Results: The inverse variance weighted (IVW) method and Bayesian weighted Mendelian randomized (BWMR) method identified six plasma lipid groups that exhibited causal effects on PCOS, with no evidence of reverse causality. Eighteen immune cell traits are strongly associated with PCOS. TSMR analysis identified SSC-A on CD4+ as the key factor mediating the causal association of PC (0:18:1_20:4) and PI (18:1_18:2) with PCOS, with mediating effects of -0.003 (95% CI [-0.017, 0.012]) and 0.003 (95% CI [-0.021, 0.026]), respectively. Functional enrichment analysis revealed that PCOS was strongly associated with numerous immune pathways. Immune infiltration evaluation results indicated significant disparities in the distribution of a substantial number of immune cells, especially for all types of CD4+ T cells. Furthermore, Metabolic inference analysis revealed that fatty acid biosynthesis is closely related to PCOS.
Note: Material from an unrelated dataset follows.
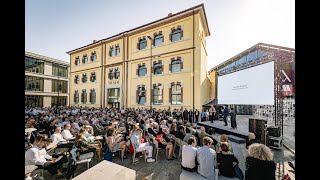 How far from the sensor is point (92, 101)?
27.3 metres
Conclusion: Our results provide genetic and transcriptomic evidence substantiating the potential relationship between lipids, immune cells, and PCOS. CD4+ T cells might be key mediators in the causal association between lipids and PCOS. Comprehending this relationship could enhance treatment and prevention strategies for PCOS through the comprehensive management of lipid irregularities. Further experimental studies are required to elucidate the detailed mechanisms involved in this relationship.

Keywords: Mendelian randomization; immune cell; plasma lipid; polycystic ovary syndrome; transcriptomics analysis.

Figure 1

Study design.

Figure 2

MR analyzed six lipids for causal association with PCOS. (A) TSMR and BWMR analysis revealed a causal association between 6 plasma lipid groups and PCOS. (B) Forest plot of the results of the reverse analysis. (C) Scatter plot and “leave-one out” of causal relationship between 6 plasma lipid groups and PCOS.

Figure 3

Continued.

Figure 3

Two-step MR analysis of forest graphs. (A) Forest plot of causal relationship between immune cells and PCOS. (B) Forest plot of causal relationship between plasma lipid groups and immune cells.

Figure 4

Gene Identification and Functional Enrichment Analysis Results. (A) Heat map and volcano map on GSE34526. (B) 10 Bubble plots of GO results and KEGG results for PCOS-expressed genes.

Figure 5

PCOS is associated with immune infiltration. (A) Comparison of levels of infiltration of 28 immune cells. (B) Comparison of levels of infiltration of 16 immune cells. (C) Comparison of levels of infiltration of 13 immune cells function (red for PCOS, blue for control, *p < 0.05). (D) The boxplot showed that the biosynthesis of relevant fatty acids was significant between PCOS and control group.